The Android and iOS apps have the same core access to call logs, messaging, calendar, and other factors that the Windows Phone app does. I paired the Band with an iPhone 6, for instance, and after a brief syncing period was able to see recent iMessages, missed calls, and upcoming appointments. What you don't get is Siri or Google Now integration; if you want to talk to your wrist (or, at least, talk to it and have things actually happen as a result) you'll need to be using a Windows Phone with Cortana. Microsoft's virtual assistant works well, though I'll need to spend more time with the pairing to see how usable every day it all is.

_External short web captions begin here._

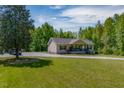 Charming one-story home features a welcoming front porch with lovely green lawn at 5912 Mt Zion Rd, Snow Camp, NC 27349
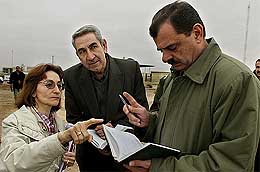 A member of the United Nations arms inspection team talks to Iraqi officials before a search for weapons of mass destruction in Baghdad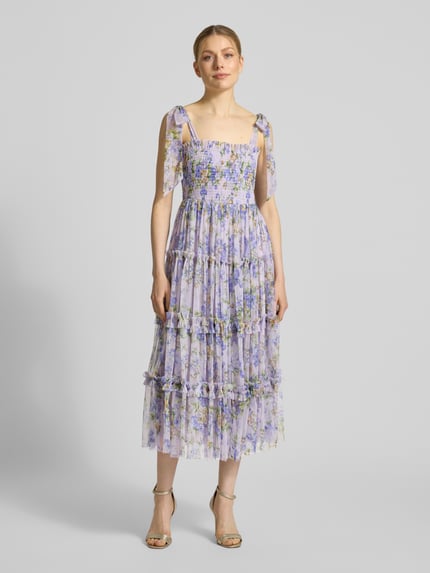 Frauenmodel trägt Cocktailkleid im Stufen-Look von LACE & BEADS aus Tüll in A-Linie mit Smok-Details, Schnürungen, florales Muster, Ganzkörperansicht von vorne. Rückenlänge bei Größe S: 102 cm, Brustweite bei Größe S: 34 cm.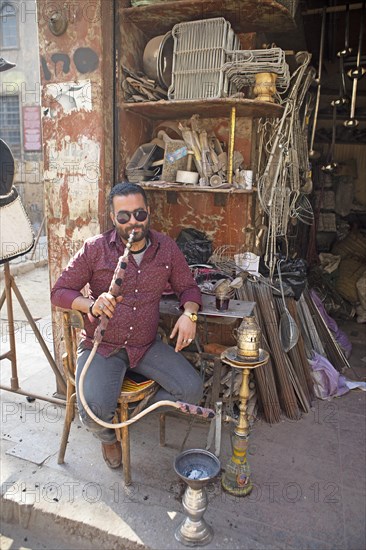 Egyptian man with sunglasses smoking a shisha or hookah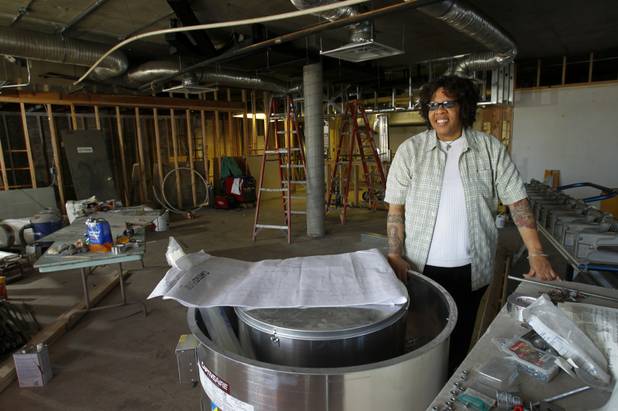 Chef Natalie Young poses at the site of her restaurant "Eat," under construction at Carson Avenue and 7th Street, in downtown Las Vegas Monday, July 23, 2012. The new breakfast and lunch spot is expected to open in September, she said.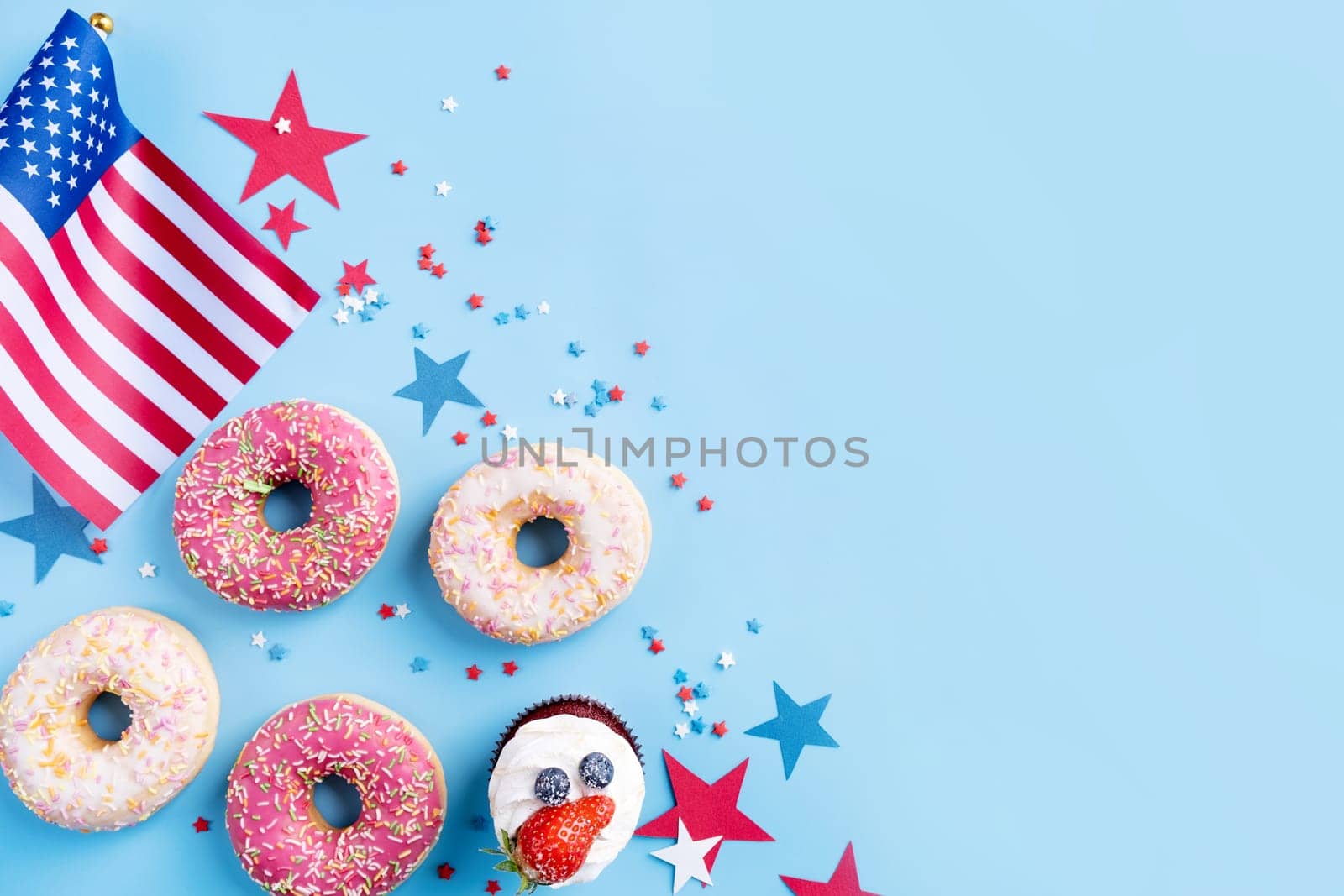 Fourth of july celebration. Sweet cupcakes and donuts with usa flag on blue background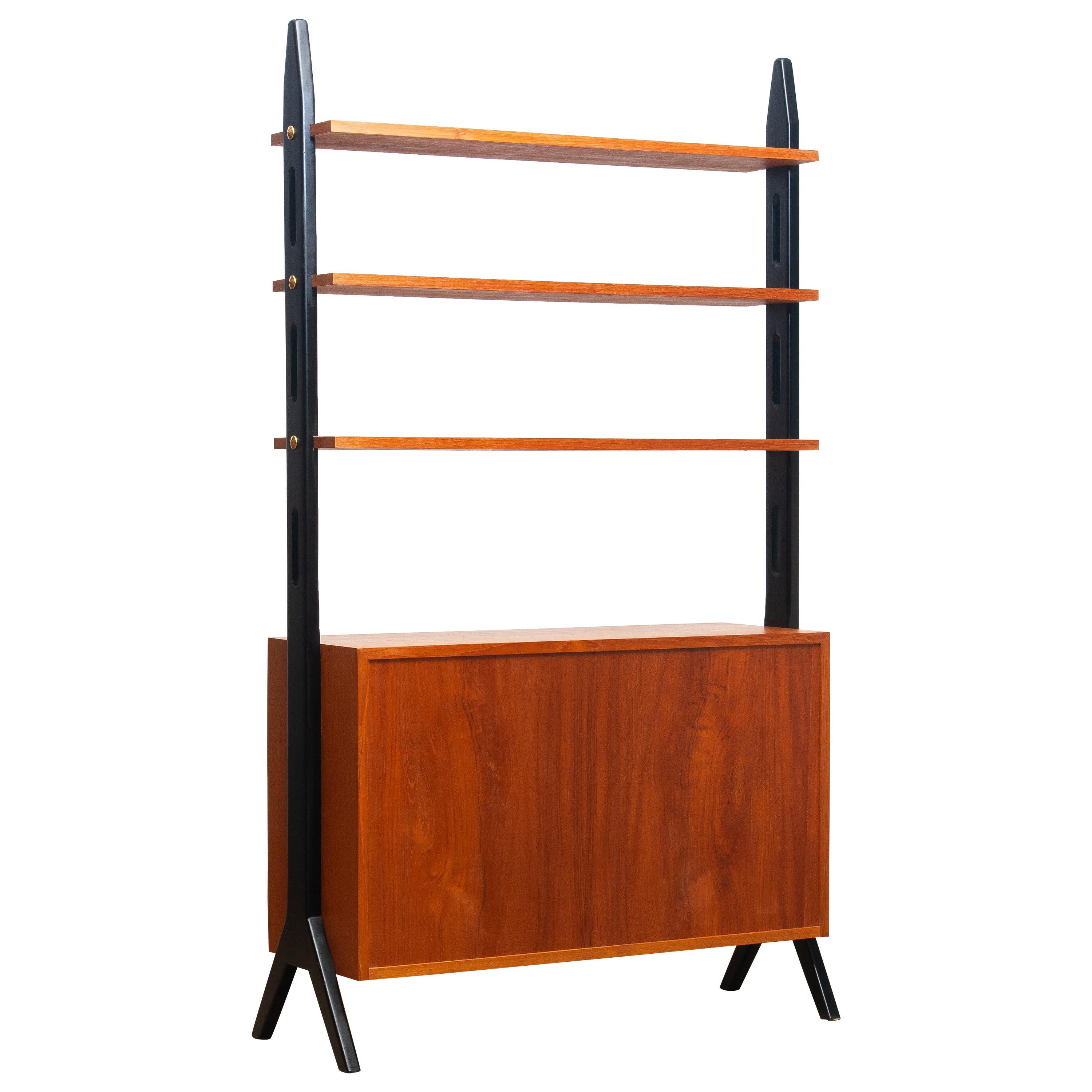 Beautiful Swedish bookcase / room divider / shelf’s made in teak from the 1950s.
Two folding doors, with a lock, inside the cabinet is a shelf that can be adjusted in two positions.
The three top shelf’s are placed in a fixed position.
Overall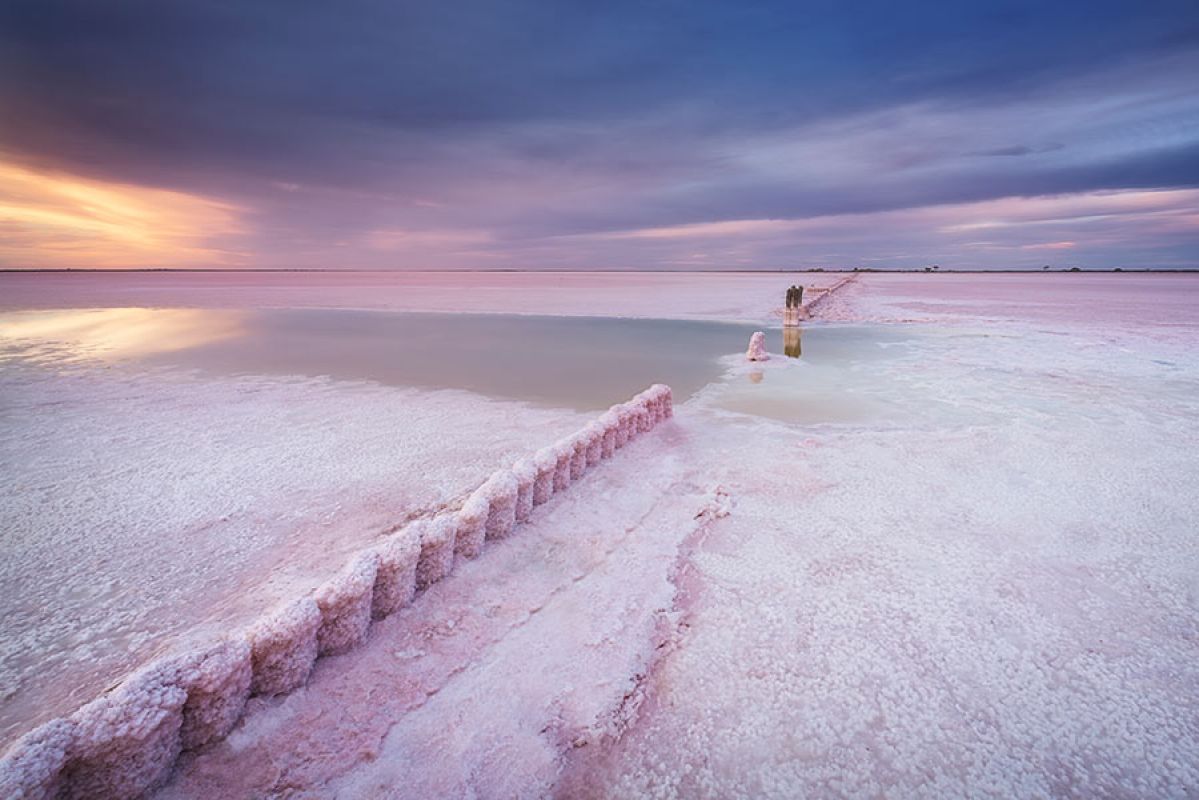 two women walking past the Mildura Sunraysia mural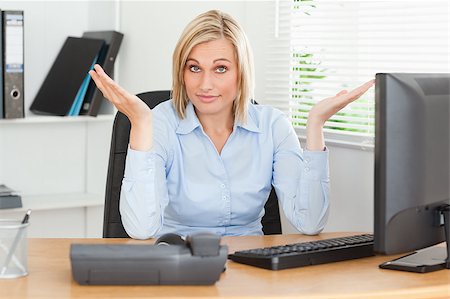 Young blonde woman sitting behind desk not having a clue what to do next in an office Stock Photo - Budget Royalty-Free & Subscription, Code: 400-04894274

Like Cortana, though, Microsoft expects its contextual understanding of the wearer to improve over time, as it mashes together health data with the other metrics – appointments, locations, routines, etc. – and figures out what's important to them. For the moment it's all about tapping and selecting yourself, but reliance on the cloud rather than a particular smartphone gives Microsoft a broad amount of freedom to crunch information and draw conclusions while not locking you into a single OS.

I appreciate that liberation, though as with Windows Phone itself, Microsoft Band's future will depend in no small part on which third-party apps and services embrace it. Microsoft could help itself along there, though, by making the most of its own key strengths: Xbox Live stats or alerts pushed to the wrist, perhaps, or tying the Band in with Windows 10 to authenticate the individual wearer and bypass things like passwords and changing settings.

Early days, then, and I'll be putting Microsoft Band through its paces – and it through mine, judging by the severity of some of the fitness workouts in the list of options – for a full review in due course. Meanwhile, if you're ready to jump in already, it's up for sale at Microsoft stores priced at $199.99.